That is all post-combine work, beginning next month and lasting into early April when the coaches head to a handful of campuses for the individual workouts that have dwarfed the combine in the last decade. They follow up the work done by the personnel staff the previous spring and fall.

Coyle tries to fly into a workout the night before so he can take the prospect to dinner and spend time with him in the film room. He remembers driving across Oklahoma two years ago to meet with late Broncos cornerback Darrent Williams at an Applebee's and how an impressionable lunch changed Coyle's outlook on a kid who had some off-field baggage. It's a determination that the Broncos concurred with when they selected Williams in the second round.

But Coyle says the combine interviews aren't a waste, either. It was a major reason the Bengals selected LSU left tackle Andrew Whitworth last season in the second round.

The interviews are attended by the personnel staff, head coach Marvin Lewis, special teams coach Darrin Simmons, the offensive and defensive coordinators, the position coach, and any other coach that wants to sit in. Usually at the end of the interview, Coyle gets to ask a question or two about what he has seen on film or at the Senior Bowl.

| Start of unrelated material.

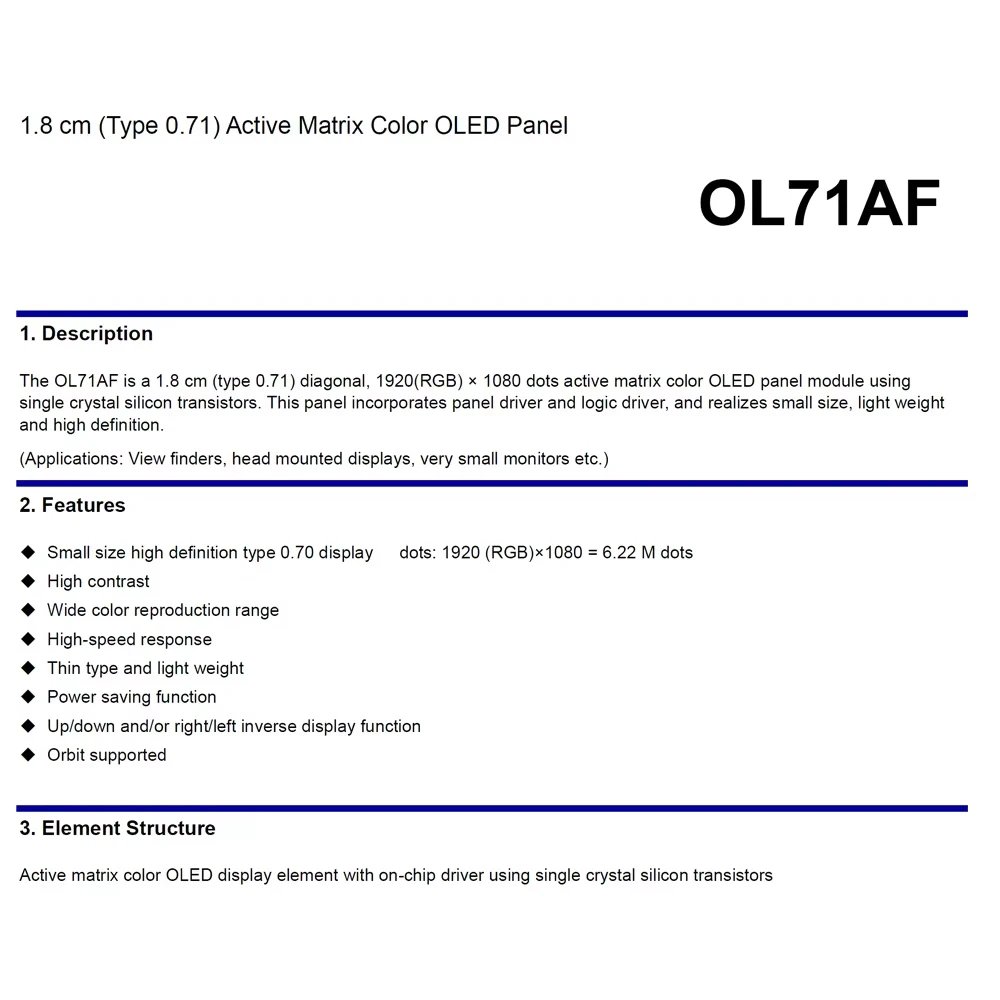 0.71 Inch OLED Display Module Viewfinder for Smart Glasses Helmets 3D VR AR EVF HDMI LCD Screen Module View Finder 1920*1080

Was the coverage blown on a particular play? What is usually your responsibility in that defense? Why did you come out the snap before?

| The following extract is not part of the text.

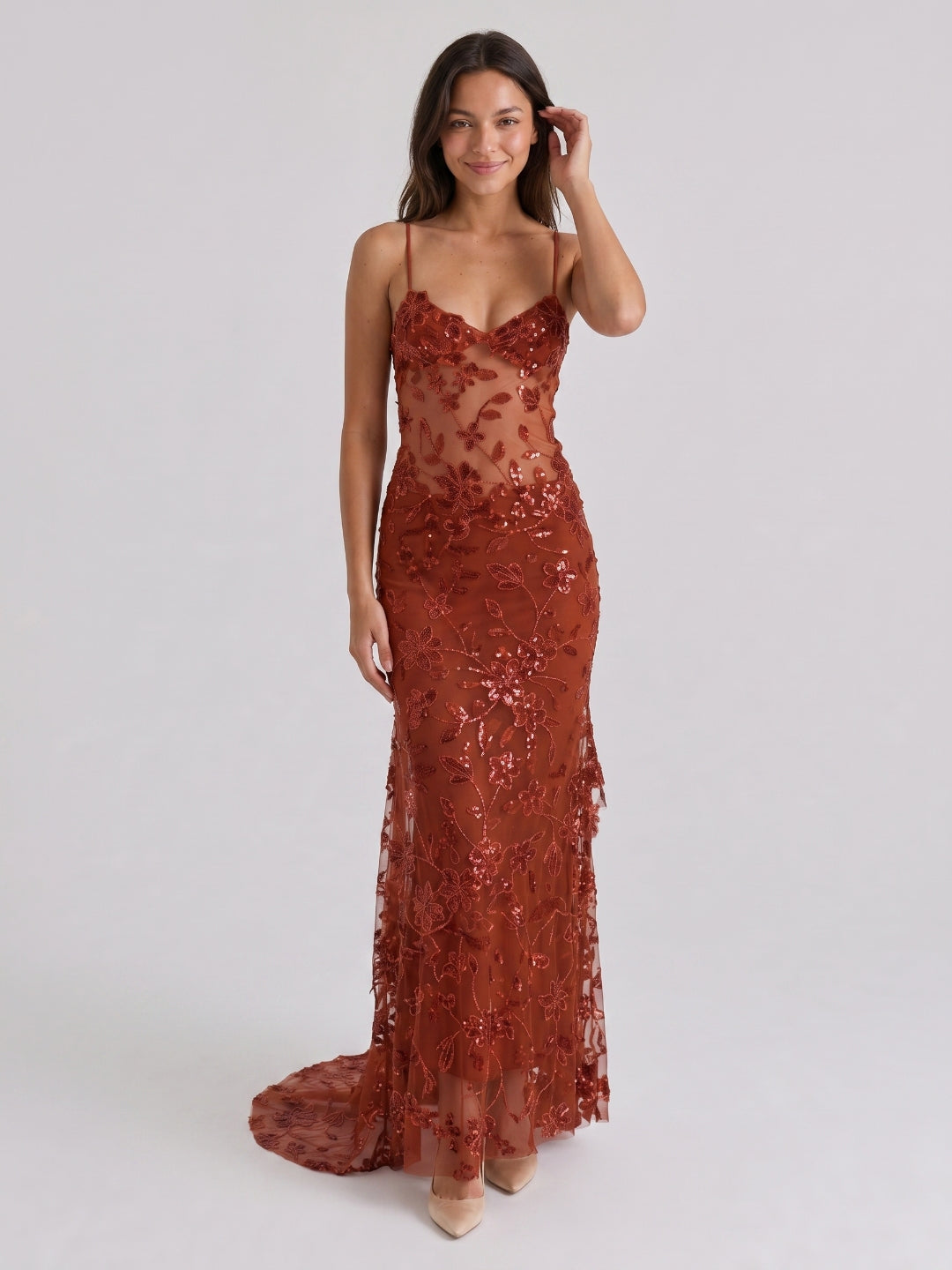 Rust Tulle Sheath V-Neck Backless Floor-Length Sequin Evening Gown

"You see how a guy reacts in a group situation; it's basically an icebreaker," Coyle said. "Is he bright-eyed? Can he speak intelligently? Can he communicate or does he struggle in group settings. What is his demeanor? Does he look you in the eye?

"But the combine is such a structured deal," he said. "You're sitting in a room with 10 people. You may be talking to a guy who is on his 12th or 15th team doing an interview and they've been coached by agents what to say."

And, there is always that game tape.

"You want to see how they run, sure," Coyle said. "But you've got to go back and watch them play."